Rabbi Haïm Vital montre l’interconnexion entre les personnages, les mots et les lettres de la Torah avec des Séphirot spécifiques. Ces Séphirot gouvernent chaque aspect de la Création, du microcosme à l’universel, englobant aussi bien l’individuel que le collectif.
La Shekhina, la Présence immanente de Dieu, se manifeste dans la Séphira de Malkhout (Royauté). Elle résidait dans le Tabernacle autrefois, et aujourd’hui elle se manifeste lorsqu’un quorum de dix hommes prie ou que des individus étudient la Torah ou accomplissent des Mitsvot.
La source de la Shekhina se trouve dans le plus haut des mondes, Atsilout, qui se divise en deux aspects : le supérieur, appelé Léa, et l’inférieur, Rachel. Il est généralement admis que plus un aspect est caché, plus il est élevé spirituellement.
Cela éclaire notre compréhension : Léa, représentant la Shekhina supérieure, était d’un niveau que Yaakov ne pouvait pas encore saisir. À ce moment de sa vie, il ne pouvait se connecter qu’à Rachel, le monde révélé. Ce n’est qu’en recevant le nom d’Israël qu’il put commencer à comprendre Léa.
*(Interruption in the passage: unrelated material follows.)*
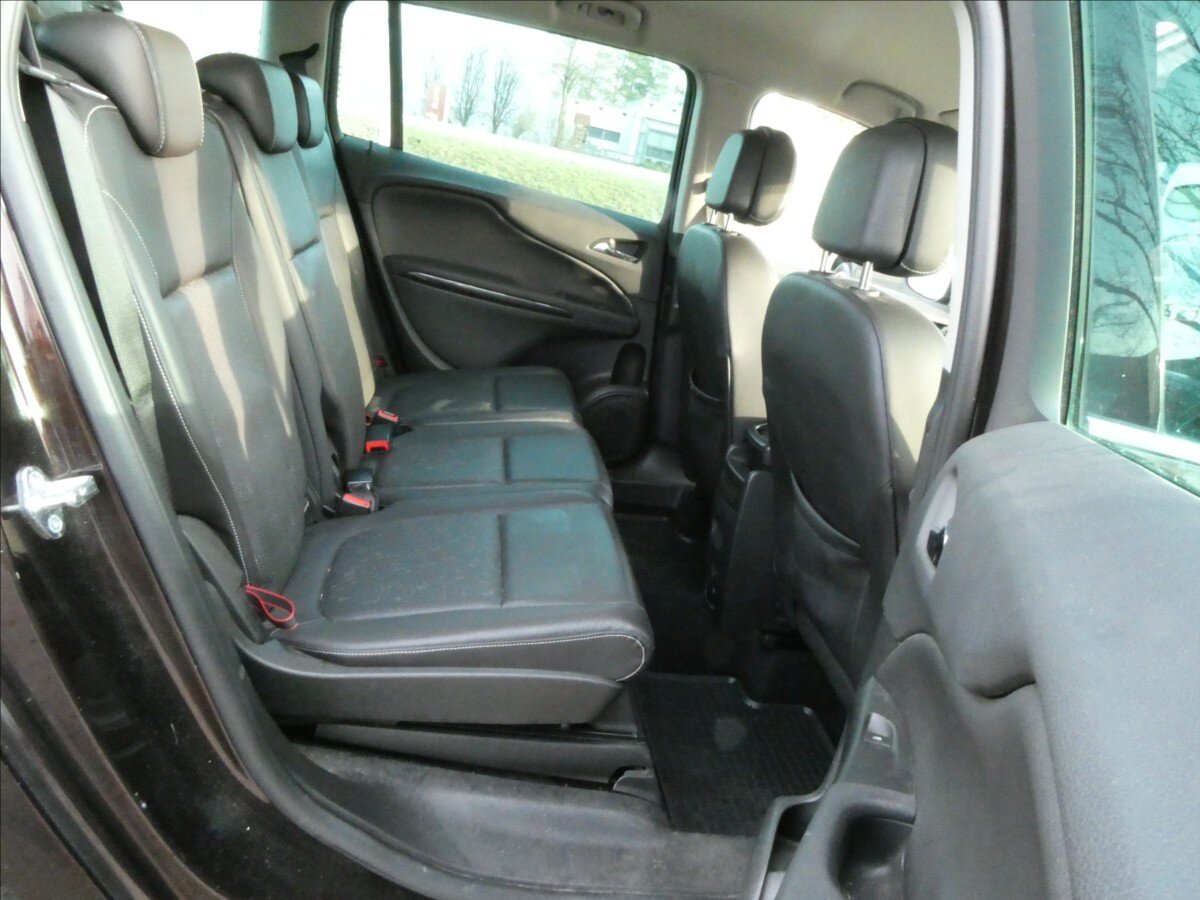 Opel Zafira MPV 2,0 l 125 kw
Ce que nous pouvons apprendre de Rachel et de Léa
Rachel épousa Yaakov sept jours seulement après son union avec Léa. Décrite dans le Zohar comme l’Alma D’Itgaliah (le monde révélé), Rachel est mise en contraste avec Léa, l’Alma D’Itkassiah (le monde caché). En Kabbale, Rachel incarne un des noms de la Shekhina inférieure, correspondant à Malkhout, la Séphira de la Royauté. Léa, en revanche, est associée à un des noms de la Shekhina supérieure, représentant Bina, la Séphira de l’Intelligence, que peu peuvent atteindre directement.
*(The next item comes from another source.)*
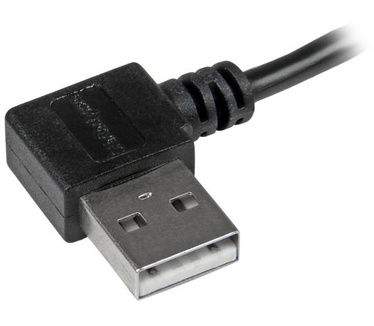 Startech.com Micro-USB kabel met rechts haakse connectors M/M 1m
Les âmes féminines tirent leur origine spirituelle soit de Rachel, soit de Léa, ce qui se manifeste à travers leurs personnalités. La Torah décrit Léa comme ayant « les yeux faibles », en raison de ses pleurs fréquents (initialement liés à son destin supposé d’épouser Ésaü, plus tard changé). Le commentaire de Rachi la décrit aussi comme la mère de Dina, qualifiée de Yatzanit — extravertie ou audacieuse. On en déduit que les femmes plus expressives et extroverties ont une racine dans Léa.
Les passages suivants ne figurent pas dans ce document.